Updated: 02/28/2014 7:27 PM KSTP.com By: Stephen Tellier
A 12-year-old boy is pulled from a middle school pool, unconscious and unresponsive. Thursday's terrible incident at St. Louis Park Middle School has parents praying for the child's recovery, and has brought attention to safety at school pools.
At last check, the 7th grader was still in the hospital. But no updates on his condition were released on Friday.
5 EYEWITNESS NEWS has learned incidents like this are extremely rare in Minnesota.
"It just hurt my heart as a parent. You don't know what to do," said Mary Kelly, the mother of a 6th grader at the middle school.
The boy was part of a gym class of 28 students, swimming in the school pool. The precise details remain unclear. But at the end of the class, a teacher pulled the boy from the pool. He was unresponsive and was not breathing. The teacher immediately began CPR. First responders continued CPR as the 7th grader was rushed to the hospital.
"All we can do is really hope that he does pull through because, I mean, it is traumatic situation," Kelly said.
District officials said the teacher was a certified water safety instructor, not a lifeguard. But pools inside schools are regulated just like other public pools. They're not required to have a lifeguard, as long as they have a warning sign posted, and an adult present when children are swimming.

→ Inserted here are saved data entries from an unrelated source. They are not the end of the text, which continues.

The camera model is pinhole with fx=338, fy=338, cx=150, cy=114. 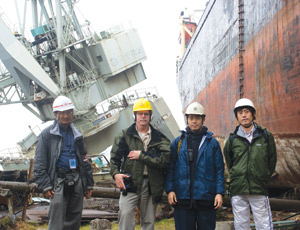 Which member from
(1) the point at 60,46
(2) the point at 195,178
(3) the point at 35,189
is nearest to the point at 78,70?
(1) the point at 60,46

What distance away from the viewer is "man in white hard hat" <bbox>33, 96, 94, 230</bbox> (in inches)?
146

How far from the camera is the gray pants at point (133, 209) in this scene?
11.7 feet

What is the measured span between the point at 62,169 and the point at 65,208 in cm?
45

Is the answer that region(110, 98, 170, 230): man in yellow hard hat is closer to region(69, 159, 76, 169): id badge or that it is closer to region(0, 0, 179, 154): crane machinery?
region(69, 159, 76, 169): id badge

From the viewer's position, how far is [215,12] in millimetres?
11359

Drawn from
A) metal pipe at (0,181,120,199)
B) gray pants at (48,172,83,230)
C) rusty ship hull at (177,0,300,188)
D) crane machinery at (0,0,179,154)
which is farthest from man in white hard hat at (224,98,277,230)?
crane machinery at (0,0,179,154)

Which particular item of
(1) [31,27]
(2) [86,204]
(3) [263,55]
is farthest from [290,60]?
(1) [31,27]

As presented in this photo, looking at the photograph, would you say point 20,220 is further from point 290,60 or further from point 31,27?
point 31,27

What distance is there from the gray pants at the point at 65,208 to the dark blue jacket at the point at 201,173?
3.54ft

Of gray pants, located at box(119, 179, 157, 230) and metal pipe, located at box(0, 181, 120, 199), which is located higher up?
gray pants, located at box(119, 179, 157, 230)

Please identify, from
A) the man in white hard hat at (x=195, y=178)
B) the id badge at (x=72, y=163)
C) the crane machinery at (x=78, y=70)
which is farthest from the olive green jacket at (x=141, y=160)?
the crane machinery at (x=78, y=70)

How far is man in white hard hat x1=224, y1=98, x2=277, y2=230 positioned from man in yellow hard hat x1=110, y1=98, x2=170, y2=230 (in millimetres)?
782

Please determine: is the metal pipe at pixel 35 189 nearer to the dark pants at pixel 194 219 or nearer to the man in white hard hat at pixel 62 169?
the man in white hard hat at pixel 62 169

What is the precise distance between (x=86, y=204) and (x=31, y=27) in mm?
12359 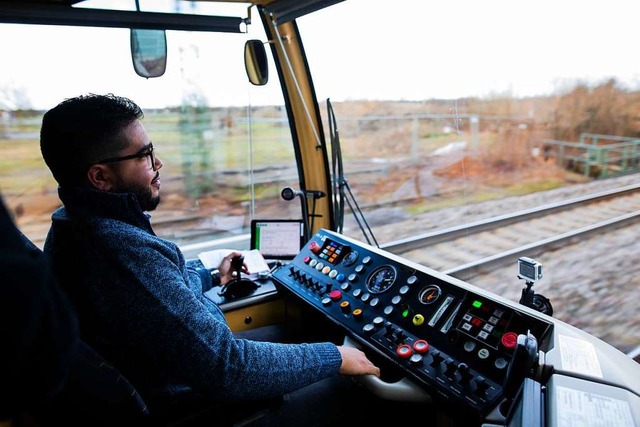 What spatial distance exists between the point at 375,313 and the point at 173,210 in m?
1.43

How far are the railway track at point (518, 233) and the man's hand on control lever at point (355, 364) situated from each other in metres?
1.29

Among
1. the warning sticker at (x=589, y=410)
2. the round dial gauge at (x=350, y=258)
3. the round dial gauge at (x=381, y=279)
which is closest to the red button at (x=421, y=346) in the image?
the round dial gauge at (x=381, y=279)

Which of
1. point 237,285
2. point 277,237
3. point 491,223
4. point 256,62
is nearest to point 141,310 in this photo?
point 237,285

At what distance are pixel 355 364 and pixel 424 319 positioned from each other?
264 mm

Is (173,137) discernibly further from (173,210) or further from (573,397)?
(573,397)

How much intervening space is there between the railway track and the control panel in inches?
37.7

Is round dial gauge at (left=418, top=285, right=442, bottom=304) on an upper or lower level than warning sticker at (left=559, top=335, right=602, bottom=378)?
upper

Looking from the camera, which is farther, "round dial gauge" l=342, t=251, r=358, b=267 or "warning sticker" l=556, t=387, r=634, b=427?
"round dial gauge" l=342, t=251, r=358, b=267

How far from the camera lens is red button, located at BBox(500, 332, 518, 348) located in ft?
3.98

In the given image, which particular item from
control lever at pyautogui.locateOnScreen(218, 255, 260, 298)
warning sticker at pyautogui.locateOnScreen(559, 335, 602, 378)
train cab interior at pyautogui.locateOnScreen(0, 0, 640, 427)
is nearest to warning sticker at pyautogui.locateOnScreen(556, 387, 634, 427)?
train cab interior at pyautogui.locateOnScreen(0, 0, 640, 427)

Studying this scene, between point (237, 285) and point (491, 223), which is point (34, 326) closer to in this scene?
point (237, 285)

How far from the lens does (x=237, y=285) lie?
7.34ft

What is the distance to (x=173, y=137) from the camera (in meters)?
2.43

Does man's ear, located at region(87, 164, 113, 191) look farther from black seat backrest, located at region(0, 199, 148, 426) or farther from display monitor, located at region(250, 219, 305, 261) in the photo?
display monitor, located at region(250, 219, 305, 261) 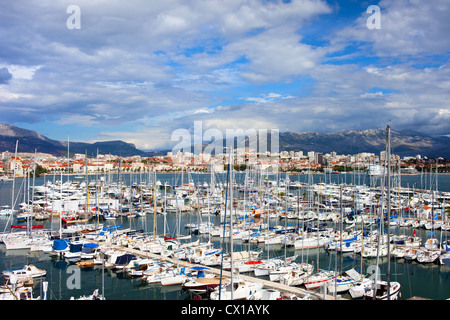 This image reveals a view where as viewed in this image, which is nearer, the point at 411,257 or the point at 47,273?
the point at 47,273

"As long as they have someone who knows CPR and can obviously swim and know how to save a child, that level of comfort is still there, even without a lifeguard per se," Kelly said.
5 EYEWITNESS NEWS obtained numbers from the Minnesota Department of Health, which show that over the past four years there have been 66 emergency calls from public pools in Minnesota. Only four were from pools inside schools, and none of those school calls were for drowning.
"It's a tough time for any school or parent when anything happens like that around here," Kelly said.
While they go through similar training, there are some important differences between lifeguards and water safety instructors. The training for such instructors focuses mostly on the ability to teach others how to swim. Lifeguard training is more rigorous in terms of rescue skills and emergency situations.